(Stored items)
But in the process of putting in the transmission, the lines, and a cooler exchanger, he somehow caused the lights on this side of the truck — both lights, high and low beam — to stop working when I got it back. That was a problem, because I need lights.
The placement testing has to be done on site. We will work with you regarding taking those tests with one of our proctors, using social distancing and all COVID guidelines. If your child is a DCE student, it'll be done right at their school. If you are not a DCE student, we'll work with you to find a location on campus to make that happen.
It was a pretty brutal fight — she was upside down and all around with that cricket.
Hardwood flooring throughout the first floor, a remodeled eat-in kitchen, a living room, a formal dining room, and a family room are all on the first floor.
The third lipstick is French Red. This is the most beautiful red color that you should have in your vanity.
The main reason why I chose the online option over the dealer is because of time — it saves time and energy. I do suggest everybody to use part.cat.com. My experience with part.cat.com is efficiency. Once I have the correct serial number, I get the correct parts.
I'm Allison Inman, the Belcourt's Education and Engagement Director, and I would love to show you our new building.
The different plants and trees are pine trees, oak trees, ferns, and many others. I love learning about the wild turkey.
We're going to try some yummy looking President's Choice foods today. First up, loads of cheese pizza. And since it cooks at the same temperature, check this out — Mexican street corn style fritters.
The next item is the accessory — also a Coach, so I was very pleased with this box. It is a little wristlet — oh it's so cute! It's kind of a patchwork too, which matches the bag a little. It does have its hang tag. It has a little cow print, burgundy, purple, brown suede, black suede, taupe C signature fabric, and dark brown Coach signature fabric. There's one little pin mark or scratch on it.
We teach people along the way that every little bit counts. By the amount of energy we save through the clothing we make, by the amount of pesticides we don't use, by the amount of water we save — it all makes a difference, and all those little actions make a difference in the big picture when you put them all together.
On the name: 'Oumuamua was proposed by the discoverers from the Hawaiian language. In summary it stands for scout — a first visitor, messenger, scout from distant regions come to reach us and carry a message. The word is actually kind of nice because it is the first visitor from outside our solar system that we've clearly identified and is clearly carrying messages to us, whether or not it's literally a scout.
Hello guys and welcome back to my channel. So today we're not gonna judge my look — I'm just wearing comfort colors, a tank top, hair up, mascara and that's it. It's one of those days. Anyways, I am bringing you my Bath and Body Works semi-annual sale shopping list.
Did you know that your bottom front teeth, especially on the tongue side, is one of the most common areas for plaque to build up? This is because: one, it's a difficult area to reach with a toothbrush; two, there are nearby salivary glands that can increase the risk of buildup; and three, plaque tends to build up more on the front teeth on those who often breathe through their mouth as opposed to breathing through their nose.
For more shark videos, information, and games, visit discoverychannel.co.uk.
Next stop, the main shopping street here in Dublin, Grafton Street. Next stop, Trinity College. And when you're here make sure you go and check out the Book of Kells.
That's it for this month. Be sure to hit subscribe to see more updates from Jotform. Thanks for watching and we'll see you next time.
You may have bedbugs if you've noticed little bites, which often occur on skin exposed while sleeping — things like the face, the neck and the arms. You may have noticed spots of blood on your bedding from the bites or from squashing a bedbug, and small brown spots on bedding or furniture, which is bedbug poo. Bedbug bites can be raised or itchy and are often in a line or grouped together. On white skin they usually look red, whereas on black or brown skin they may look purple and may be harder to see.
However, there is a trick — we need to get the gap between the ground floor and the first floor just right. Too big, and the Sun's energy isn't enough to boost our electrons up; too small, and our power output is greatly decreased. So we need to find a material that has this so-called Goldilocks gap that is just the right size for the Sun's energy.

## PROBLEM
Restate exactly the records above from their first line through the line that holds "The next item", please, including both and leaving out all others.

## ANSWER TO THIS TASK
But in the process of putting in the transmission, the lines, and a cooler exchanger, he somehow caused the lights on this side of the truck — both lights, high and low beam — to stop working when I got it back. That was a problem, because I need lights.
The placement testing has to be done on site. We will work with you regarding taking those tests with one of our proctors, using social distancing and all COVID guidelines. If your child is a DCE student, it'll be done right at their school. If you are not a DCE student, we'll work with you to find a location on campus to make that happen.
It was a pretty brutal fight — she was upside down and all around with that cricket.
Hardwood flooring throughout the first floor, a remodeled eat-in kitchen, a living room, a formal dining room, and a family room are all on the first floor.
The third lipstick is French Red. This is the most beautiful red color that you should have in your vanity.
The main reason why I chose the online option over the dealer is because of time — it saves time and energy. I do suggest everybody to use part.cat.com. My experience with part.cat.com is efficiency. Once I have the correct serial number, I get the correct parts.
I'm Allison Inman, the Belcourt's Education and Engagement Director, and I would love to show you our new building.
The different plants and trees are pine trees, oak trees, ferns, and many others. I love learning about the wild turkey.
We're going to try some yummy looking President's Choice foods today. First up, loads of cheese pizza. And since it cooks at the same temperature, check this out — Mexican street corn style fritters.
The next item is the accessory — also a Coach, so I was very pleased with this box. It is a little wristlet — oh it's so cute! It's kind of a patchwork too, which matches the bag a little. It does have its hang tag. It has a little cow print, burgundy, purple, brown suede, black suede, taupe C signature fabric, and dark brown Coach signature fabric. There's one little pin mark or scratch on it.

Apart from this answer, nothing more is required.